* [Dataset content]
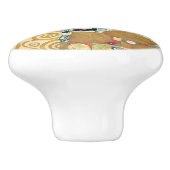 Gustav Klimt - Fulfillment, Stoclet Frieze Keramikknauf (Seitenansicht)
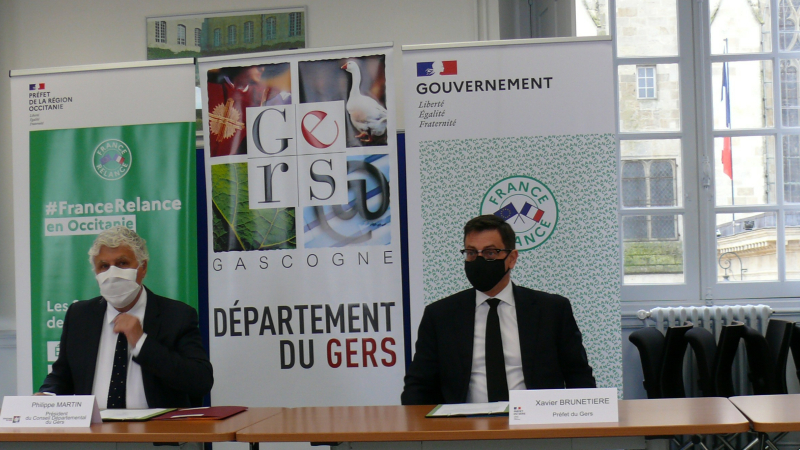 Etat et Département, solidaires sur le plan de la relance économique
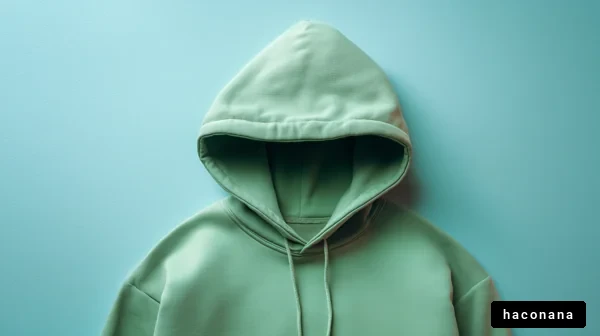 ミントグリーンのフーディ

* [What you will do]
Exact repetition of the material above is required, with the images removed.

* [Exercise result]
 Gustav Klimt - Fulfillment, Stoclet Frieze Keramikknauf (Seitenansicht)
 Etat et Département, solidaires sur le plan de la relance économique
 ミントグリーンのフーディ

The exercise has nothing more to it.